Oh What a Feeling is a studio album by American R&B, soul and gospel singer Mavis Staples. It was released on July 16, 1979, by Warner Bros. Records.

==Critical reception==
A review published by Billboard in the July 28, 1979, issue said, "Well known vocalist from the Staple Singers steps out on her second solo effort with a mixture of uptempo, disco flavored songs and midtempo, soulful ballads. Staples voice is fluid, strong and gutsy, giving this LP much the same appeal which highlighted Cheryl Lynn's exhilarating debut last year. Also contributing to this album's success is the instrumentation which is provided by the Muscle Shoals Horns, guitarists Mark Knopfler, Pele Can and others. Best cuts "Let Love Come Between Us", "Oh What a Feeling", "Loving You", "Tonight I Feel Like Dancing", and "I've Been to the Well Before"." The New York Times stated that Staples "remains a fine, fervent, huskily sensitive singer, and most of this disk does her justice."

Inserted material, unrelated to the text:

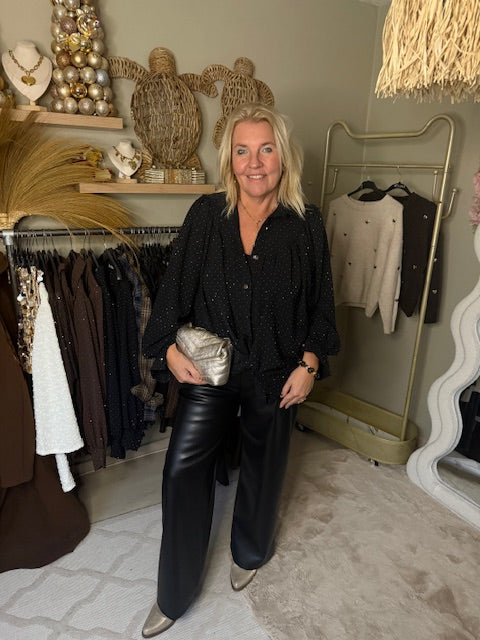 Blouse floor zwart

Cashbox said, "Mavis gave the Staple Singers that distinct, gritty vocal sound, and on Oh What a Feeling she proves just how versatile she is. She soars through a mixed bag of styles on the LP - disco, gospel, straight ahead R&B and gospel - and performs them all in flawless fashion. A torchy ballad, "I Miss You", the disco hit, "Tonight I Feel Like Dancing", and the R&B flavored title cut are the LP's highpoints." The Bay State Banner opined that "it's a big comedown to realize veteran producers and idolized individuals like Jerry Wexler have so little idea of what makes successful singers tick, and have so little regard for them that they put them in embarrassing situations as this one."

==Track listing==

Side one
| No. | Title | Writer(s) | Length |
|---|---|---|---|
| 1. | "Tonight I Feel Like Dancing" | Barry Beckett; George Jackson; Marc Giacomelli; Peter Alves; | 6:08 |
| 2. | "Let Love Come Between Us" | Joe Sobotka; John Wyker; | 3:26 |
| 3. | "Loving You" | Al Green; Fred Jordan; Reuben Fairfax, Jr.; | 4:08 |
| 4. | "I Don't Want to Lose My Real Good Thing" | Larry John McNally | 3:16 |
| 5. | "I've Been to the Well Before" | Paul Kelly | 3:57 |

Side two
| No. | Title | Writer(s) | Length |
|---|---|---|---|
| 1. | "Oh What a Feeling" | Jerry Weaver; Tom Jones III; | 3:03 |
| 2. | "If I Can't Have You" | Paul Kelly | 4:50 |
| 3. | "You're Made That Way" | Jeff Baxter; Keith Knudsen; Michael McDonald; | 3:57 |
| 4. | "I Miss You (Since You're Gone)" | Paul Kelly | 5:05 |
| 5. | "We Got Love" | Paul Kelly | 2:48 |

==Personnel==
Adapted from the album liner notes.

- Harrison Calloway - horn arrangements
- Cynthia Douglas - background vocals
- Donna Davis - background vocals
- Pamela Vincent - background vocals
- David Hood - bass guitar
- Jesse Boyce - bass guitar
- Roger Hawkins - drums
- Gregg Hamm - engineer
- Joe Barbaria - engineer
- Bill Fair - assistant engineer
- Bruce Bachhalter - assistant engineer
- David Yates - assistant engineer
- Bobby Hata - mastering
- Stuart J. Romaine - mastering
- Steve Melton - remix engineer ("Tonight I Feel Like Dancing")
- Jimmy Johnson - guitar
- Larry Byrom - guitar
- Mark Knopfler - guitar
- Mose Dillard - guitar
- Pete Carr - guitar
- Muscle Shoals Horns - horns
- Barry Beckett - producer, keyboards, synthesizers
- Chris Koelle - make-up
- Tom Roady - percussion
- Sherman Weisburd - photography
- Jerry Wexler - producer
- Paul Wexler - supervisor
- Jerry Simpson - remix supervisor ("Tonight I Feel Like Dancing")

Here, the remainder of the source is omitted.